Ahora dudo si lo ocurrido anoche fue por dormirme sobre su poemario o fue el dichoso cambio de hora con el que pretenden justificar un ahorro energético que ya todos sabemos falso. Lo cierto es que hubo magia. En los dos segundos necesarios para girar un manillar, una puerta se abrió a las dos y se cerró a las tres y cuentan que un niño en pleno nacimiento, asomó la cabecita a las dos y a pesar de ser un parto de apenas diez minutos, sus pies aparecieron a las tres y diez. Los ascensores, siguiendo su ritmo habitual, arrancaron a las dos y apenas avanzaron un piso en una hora. Todo lo que estaba a medio hacer, quedó en el otro lado del medio hacer. Hubo paraguas que para abrirse, sus varillas se desplegaron de dos a tres. Hubo un trago de agua de una hora y un beso planeado a las dos y cuarto quedó sin darse. Todo esto ocurrió anoche y no tardando, ocurrirá lo mismo pero invertido. Nos borrarán los besos de una hora. El niño nacerá en un tiempo que no ha existido, el ascensor se perderá en el vacío y hasta se secará la lluvia que llovió en el tiempo indebido. Anoche nos han extirpado una hora y nunca sabremos si era buena o maligna. Lo único positivo en esta ocasión es que fue una hora menos de guerra, esa que Carmen presintió en su poema ‘Río’ que empieza con un río teñido de rojo brotando de su memoria, cuando la noche y el día eran un tigre. Y se va amansando mientras escribe, dejando «atrás el azúcar y el carbón y las manos pan de las madres. Atrás el último instante del último beso. Como nunca florece la desolación. Como nunca».

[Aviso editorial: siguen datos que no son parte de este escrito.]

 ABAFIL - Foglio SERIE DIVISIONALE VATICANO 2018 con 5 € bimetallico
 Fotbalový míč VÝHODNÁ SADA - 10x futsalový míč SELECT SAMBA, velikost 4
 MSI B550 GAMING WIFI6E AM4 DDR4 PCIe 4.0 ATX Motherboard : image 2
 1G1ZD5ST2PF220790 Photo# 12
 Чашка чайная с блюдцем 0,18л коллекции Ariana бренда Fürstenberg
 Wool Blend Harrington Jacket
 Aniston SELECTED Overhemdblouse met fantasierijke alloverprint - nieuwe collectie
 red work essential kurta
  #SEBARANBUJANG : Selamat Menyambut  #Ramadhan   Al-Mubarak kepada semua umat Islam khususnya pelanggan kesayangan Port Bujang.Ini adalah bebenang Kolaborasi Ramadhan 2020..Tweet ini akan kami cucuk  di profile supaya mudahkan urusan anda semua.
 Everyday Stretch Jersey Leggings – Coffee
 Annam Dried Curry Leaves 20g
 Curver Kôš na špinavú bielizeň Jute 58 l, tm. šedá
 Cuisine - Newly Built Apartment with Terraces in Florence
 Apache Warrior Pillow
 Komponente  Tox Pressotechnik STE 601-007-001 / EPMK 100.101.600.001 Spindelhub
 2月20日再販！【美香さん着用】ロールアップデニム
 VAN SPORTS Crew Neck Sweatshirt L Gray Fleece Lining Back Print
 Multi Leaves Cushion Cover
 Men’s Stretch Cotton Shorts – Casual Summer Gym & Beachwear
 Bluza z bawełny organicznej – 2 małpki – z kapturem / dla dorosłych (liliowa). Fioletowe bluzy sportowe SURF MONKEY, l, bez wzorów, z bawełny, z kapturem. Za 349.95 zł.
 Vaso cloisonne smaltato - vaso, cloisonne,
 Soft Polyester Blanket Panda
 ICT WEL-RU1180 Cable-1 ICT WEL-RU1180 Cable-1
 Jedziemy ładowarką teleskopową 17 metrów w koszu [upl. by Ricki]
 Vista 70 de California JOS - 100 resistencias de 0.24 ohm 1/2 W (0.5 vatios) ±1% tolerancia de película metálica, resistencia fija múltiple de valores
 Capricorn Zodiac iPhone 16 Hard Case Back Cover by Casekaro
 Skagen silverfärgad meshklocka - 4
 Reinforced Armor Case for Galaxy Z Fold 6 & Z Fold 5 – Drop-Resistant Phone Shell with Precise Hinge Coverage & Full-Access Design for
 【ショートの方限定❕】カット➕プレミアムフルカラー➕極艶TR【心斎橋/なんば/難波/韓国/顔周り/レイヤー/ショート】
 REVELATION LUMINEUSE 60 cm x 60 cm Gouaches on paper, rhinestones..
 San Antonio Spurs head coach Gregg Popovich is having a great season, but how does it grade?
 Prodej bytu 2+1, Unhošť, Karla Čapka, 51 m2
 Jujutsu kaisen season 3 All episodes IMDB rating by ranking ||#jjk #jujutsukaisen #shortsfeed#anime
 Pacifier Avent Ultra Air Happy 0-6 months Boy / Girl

Gracias Carmen. Gracias a la poeta del agua y el carbón corriendo por sus poemas como regatos bercianos. La de los charcos y las manos pan de las madres. La que sin salir del poema que ha inspirado esta columna, se define «huérfana de mí misma, mientras aguardo el deshielo y… una danza de mariposas impacientes me habita por dentro». Gracias por tu empeño en que arrimase letras y me asomase a esta ventana que, precisamente esta semana cumple cinco años. Y gracias al director del periódico por concederte tu deseo. Sólo puedo celebrar este lustro acurrucada en el poema, devorando como una niña tus propias palabras, evocando «el pan con chocolate o azúcar aceitado en las alegres esquinas de la tarde. Una niña paladeando asombros. En vuelo».